Scraped caption text data
BEGIN

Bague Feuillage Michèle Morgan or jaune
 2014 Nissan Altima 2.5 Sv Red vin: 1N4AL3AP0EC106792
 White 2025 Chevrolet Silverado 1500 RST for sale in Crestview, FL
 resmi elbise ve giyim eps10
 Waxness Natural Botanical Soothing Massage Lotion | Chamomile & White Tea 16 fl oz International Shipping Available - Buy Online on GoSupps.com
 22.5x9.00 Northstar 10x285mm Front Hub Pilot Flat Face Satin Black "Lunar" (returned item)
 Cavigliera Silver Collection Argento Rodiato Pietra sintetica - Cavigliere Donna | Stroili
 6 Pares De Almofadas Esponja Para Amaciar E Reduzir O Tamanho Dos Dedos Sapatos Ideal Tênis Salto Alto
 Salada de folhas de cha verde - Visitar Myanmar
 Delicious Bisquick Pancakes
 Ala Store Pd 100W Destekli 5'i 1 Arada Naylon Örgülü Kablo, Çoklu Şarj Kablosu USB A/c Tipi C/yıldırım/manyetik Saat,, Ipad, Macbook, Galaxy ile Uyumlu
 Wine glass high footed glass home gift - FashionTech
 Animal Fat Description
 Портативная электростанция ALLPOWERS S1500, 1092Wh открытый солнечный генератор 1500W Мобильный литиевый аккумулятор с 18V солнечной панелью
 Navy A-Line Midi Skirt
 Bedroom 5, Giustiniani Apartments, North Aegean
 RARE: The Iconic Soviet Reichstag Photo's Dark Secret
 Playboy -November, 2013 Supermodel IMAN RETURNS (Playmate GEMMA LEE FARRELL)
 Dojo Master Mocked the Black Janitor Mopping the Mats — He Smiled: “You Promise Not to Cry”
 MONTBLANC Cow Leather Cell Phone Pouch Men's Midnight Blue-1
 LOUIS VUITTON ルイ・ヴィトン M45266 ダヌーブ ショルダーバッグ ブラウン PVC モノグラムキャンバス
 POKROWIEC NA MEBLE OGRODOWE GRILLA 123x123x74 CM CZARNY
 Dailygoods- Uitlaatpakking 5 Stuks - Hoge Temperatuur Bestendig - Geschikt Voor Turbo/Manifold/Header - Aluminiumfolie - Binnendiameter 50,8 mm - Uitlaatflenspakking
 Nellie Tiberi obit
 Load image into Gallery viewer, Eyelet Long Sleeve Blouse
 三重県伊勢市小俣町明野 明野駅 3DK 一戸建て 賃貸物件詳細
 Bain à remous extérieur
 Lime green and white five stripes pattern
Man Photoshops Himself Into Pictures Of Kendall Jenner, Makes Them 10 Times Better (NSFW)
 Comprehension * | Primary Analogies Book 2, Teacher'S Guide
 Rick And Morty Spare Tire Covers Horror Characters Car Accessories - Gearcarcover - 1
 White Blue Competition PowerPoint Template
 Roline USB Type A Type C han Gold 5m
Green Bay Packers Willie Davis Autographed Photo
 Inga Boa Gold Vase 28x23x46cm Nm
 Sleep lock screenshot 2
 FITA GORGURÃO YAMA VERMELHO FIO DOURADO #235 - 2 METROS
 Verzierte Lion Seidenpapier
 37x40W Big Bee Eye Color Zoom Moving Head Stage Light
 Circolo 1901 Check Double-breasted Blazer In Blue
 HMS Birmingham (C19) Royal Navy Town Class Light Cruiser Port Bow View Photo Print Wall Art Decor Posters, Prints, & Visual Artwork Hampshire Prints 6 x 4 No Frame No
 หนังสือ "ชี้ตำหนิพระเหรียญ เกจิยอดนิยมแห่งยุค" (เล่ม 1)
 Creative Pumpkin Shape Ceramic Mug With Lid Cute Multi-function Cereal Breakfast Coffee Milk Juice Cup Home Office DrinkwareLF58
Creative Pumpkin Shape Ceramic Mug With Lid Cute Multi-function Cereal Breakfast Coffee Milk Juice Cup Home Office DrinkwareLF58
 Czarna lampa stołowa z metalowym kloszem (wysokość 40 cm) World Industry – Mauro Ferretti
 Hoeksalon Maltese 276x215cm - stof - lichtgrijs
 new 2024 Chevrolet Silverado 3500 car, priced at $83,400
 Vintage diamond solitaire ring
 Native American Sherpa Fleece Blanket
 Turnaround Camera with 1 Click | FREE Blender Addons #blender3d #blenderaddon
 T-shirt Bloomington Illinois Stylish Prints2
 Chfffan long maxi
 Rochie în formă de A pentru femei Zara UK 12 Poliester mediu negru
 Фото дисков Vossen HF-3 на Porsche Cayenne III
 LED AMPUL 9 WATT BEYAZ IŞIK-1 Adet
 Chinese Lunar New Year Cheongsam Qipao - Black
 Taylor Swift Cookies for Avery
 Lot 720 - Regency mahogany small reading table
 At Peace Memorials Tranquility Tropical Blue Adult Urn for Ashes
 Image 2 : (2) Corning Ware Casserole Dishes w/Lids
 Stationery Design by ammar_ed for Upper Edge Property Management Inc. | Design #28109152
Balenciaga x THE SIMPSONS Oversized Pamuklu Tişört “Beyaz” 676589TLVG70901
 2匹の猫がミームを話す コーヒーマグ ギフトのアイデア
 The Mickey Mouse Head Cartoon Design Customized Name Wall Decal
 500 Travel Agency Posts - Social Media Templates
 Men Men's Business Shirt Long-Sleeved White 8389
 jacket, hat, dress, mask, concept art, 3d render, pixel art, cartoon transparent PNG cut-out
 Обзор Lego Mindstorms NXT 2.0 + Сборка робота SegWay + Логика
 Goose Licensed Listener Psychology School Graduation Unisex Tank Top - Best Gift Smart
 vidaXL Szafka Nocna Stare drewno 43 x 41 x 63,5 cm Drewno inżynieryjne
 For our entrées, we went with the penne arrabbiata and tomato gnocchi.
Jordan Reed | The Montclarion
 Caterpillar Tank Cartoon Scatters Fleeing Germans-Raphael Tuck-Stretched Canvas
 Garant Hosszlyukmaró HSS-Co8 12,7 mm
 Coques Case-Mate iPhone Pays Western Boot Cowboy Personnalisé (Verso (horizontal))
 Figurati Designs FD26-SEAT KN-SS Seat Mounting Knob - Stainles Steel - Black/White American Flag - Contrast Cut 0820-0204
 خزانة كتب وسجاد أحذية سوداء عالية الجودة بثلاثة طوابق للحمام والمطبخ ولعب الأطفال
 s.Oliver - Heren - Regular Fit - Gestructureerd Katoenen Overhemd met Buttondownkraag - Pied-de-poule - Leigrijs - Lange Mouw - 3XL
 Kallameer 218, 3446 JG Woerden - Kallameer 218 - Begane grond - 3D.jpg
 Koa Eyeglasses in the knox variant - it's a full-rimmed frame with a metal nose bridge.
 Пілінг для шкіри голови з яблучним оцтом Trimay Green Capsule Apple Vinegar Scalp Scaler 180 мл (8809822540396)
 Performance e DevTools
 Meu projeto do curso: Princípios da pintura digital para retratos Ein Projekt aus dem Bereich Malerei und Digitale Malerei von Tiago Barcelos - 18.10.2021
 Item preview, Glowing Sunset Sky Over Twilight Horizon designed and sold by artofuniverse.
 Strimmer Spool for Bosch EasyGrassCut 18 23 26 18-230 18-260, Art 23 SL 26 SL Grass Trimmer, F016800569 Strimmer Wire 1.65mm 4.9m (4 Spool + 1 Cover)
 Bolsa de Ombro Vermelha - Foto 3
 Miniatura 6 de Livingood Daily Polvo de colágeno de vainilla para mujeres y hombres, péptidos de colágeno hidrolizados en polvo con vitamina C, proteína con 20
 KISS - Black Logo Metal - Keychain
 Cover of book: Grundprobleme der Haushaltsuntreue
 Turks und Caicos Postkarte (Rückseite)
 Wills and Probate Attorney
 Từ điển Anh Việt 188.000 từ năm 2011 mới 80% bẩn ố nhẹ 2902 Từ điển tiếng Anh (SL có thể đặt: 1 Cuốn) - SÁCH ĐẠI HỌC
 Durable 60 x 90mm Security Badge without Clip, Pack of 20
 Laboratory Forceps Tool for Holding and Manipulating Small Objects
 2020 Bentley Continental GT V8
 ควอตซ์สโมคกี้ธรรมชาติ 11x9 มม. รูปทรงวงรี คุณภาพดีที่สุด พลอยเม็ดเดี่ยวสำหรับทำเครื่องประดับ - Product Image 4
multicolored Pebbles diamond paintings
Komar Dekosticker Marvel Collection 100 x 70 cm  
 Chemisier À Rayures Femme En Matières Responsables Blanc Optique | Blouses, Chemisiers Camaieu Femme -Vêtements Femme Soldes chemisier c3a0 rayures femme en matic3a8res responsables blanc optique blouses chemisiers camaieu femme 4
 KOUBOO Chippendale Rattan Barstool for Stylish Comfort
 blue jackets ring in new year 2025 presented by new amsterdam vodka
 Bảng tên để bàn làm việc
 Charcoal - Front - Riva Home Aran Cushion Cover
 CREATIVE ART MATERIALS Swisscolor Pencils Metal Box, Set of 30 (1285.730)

END

**Activity:**
Reproduce exactly the lines above from the line with "Nellie Tiberi obit" to the line with "Taylor Swift Cookies for Avery", including both, and add nothing.

**Written solution:**
 Nellie Tiberi obit
 Load image into Gallery viewer, Eyelet Long Sleeve Blouse
 三重県伊勢市小俣町明野 明野駅 3DK 一戸建て 賃貸物件詳細
 Bain à remous extérieur
 Lime green and white five stripes pattern
Man Photoshops Himself Into Pictures Of Kendall Jenner, Makes Them 10 Times Better (NSFW)
 Comprehension * | Primary Analogies Book 2, Teacher'S Guide
 Rick And Morty Spare Tire Covers Horror Characters Car Accessories - Gearcarcover - 1
 White Blue Competition PowerPoint Template
 Roline USB Type A Type C han Gold 5m
Green Bay Packers Willie Davis Autographed Photo
 Inga Boa Gold Vase 28x23x46cm Nm
 Sleep lock screenshot 2
 FITA GORGURÃO YAMA VERMELHO FIO DOURADO #235 - 2 METROS
 Verzierte Lion Seidenpapier
 37x40W Big Bee Eye Color Zoom Moving Head Stage Light
 Circolo 1901 Check Double-breasted Blazer In Blue
 HMS Birmingham (C19) Royal Navy Town Class Light Cruiser Port Bow View Photo Print Wall Art Decor Posters, Prints, & Visual Artwork Hampshire Prints 6 x 4 No Frame No
 หนังสือ "ชี้ตำหนิพระเหรียญ เกจิยอดนิยมแห่งยุค" (เล่ม 1)
 Creative Pumpkin Shape Ceramic Mug With Lid Cute Multi-function Cereal Breakfast Coffee Milk Juice Cup Home Office DrinkwareLF58
Creative Pumpkin Shape Ceramic Mug With Lid Cute Multi-function Cereal Breakfast Coffee Milk Juice Cup Home Office DrinkwareLF58
 Czarna lampa stołowa z metalowym kloszem (wysokość 40 cm) World Industry – Mauro Ferretti
 Hoeksalon Maltese 276x215cm - stof - lichtgrijs
 new 2024 Chevrolet Silverado 3500 car, priced at $83,400
 Vintage diamond solitaire ring
 Native American Sherpa Fleece Blanket
 Turnaround Camera with 1 Click | FREE Blender Addons #blender3d #blenderaddon
 T-shirt Bloomington Illinois Stylish Prints2
 Chfffan long maxi
 Rochie în formă de A pentru femei Zara UK 12 Poliester mediu negru
 Фото дисков Vossen HF-3 на Porsche Cayenne III
 LED AMPUL 9 WATT BEYAZ IŞIK-1 Adet
 Chinese Lunar New Year Cheongsam Qipao - Black
 Taylor Swift Cookies for Avery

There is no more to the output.